* **TASK PROMPT**
Look through the entries below and copy exactly the part that begins with the line containing "8-color Cat Collar" and ends with the line containing "Regulated Height Bottom". Do not copy the pictures.

* **GIVEN DATA**
+ + + +

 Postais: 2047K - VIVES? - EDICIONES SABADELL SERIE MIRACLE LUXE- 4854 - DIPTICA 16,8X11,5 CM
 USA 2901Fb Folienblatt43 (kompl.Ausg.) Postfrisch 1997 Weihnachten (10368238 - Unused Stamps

+ + + +

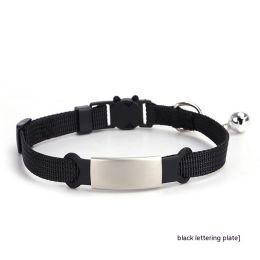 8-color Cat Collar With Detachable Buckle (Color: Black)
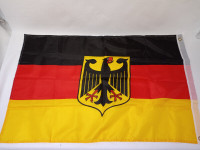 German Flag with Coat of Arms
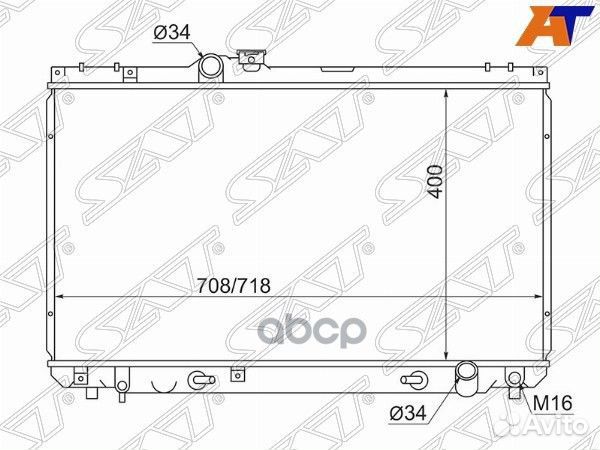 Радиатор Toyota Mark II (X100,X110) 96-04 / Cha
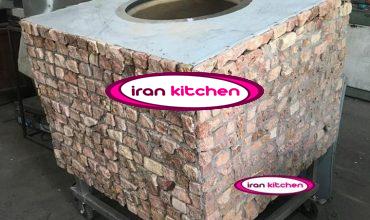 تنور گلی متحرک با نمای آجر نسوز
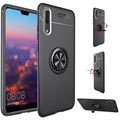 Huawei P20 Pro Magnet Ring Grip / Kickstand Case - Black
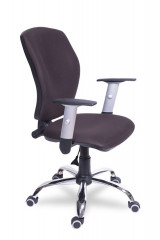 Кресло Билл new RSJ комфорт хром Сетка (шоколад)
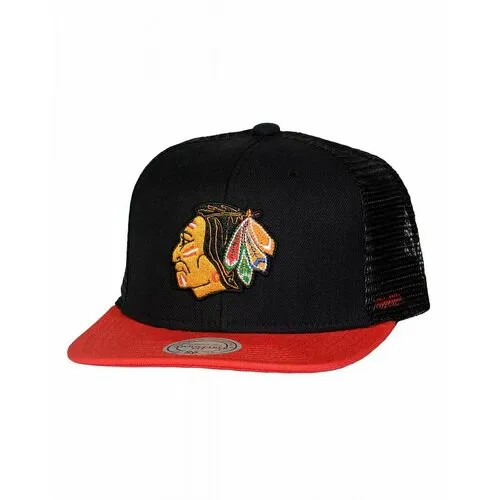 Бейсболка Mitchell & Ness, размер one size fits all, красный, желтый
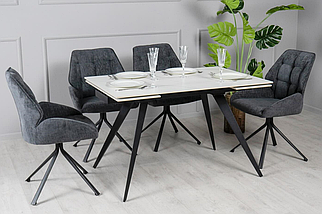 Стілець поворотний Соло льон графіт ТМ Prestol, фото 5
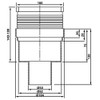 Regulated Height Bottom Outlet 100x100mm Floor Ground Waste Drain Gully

+ + + +

* **SOLUTION BELOW**
 8-color Cat Collar With Detachable Buckle (Color: Black)
 German Flag with Coat of Arms
 Радиатор Toyota Mark II (X100,X110) 96-04 / Cha
 تنور گلی متحرک با نمای آجر نسوز
 Huawei P20 Pro Magnet Ring Grip / Kickstand Case - Black
 Кресло Билл new RSJ комфорт хром Сетка (шоколад)
 Бейсболка Mitchell & Ness, размер one size fits all, красный, желтый
 Стілець поворотний Соло льон графіт ТМ Prestol, фото 5
 Regulated Height Bottom Outlet 100x100mm Floor Ground Waste Drain Gully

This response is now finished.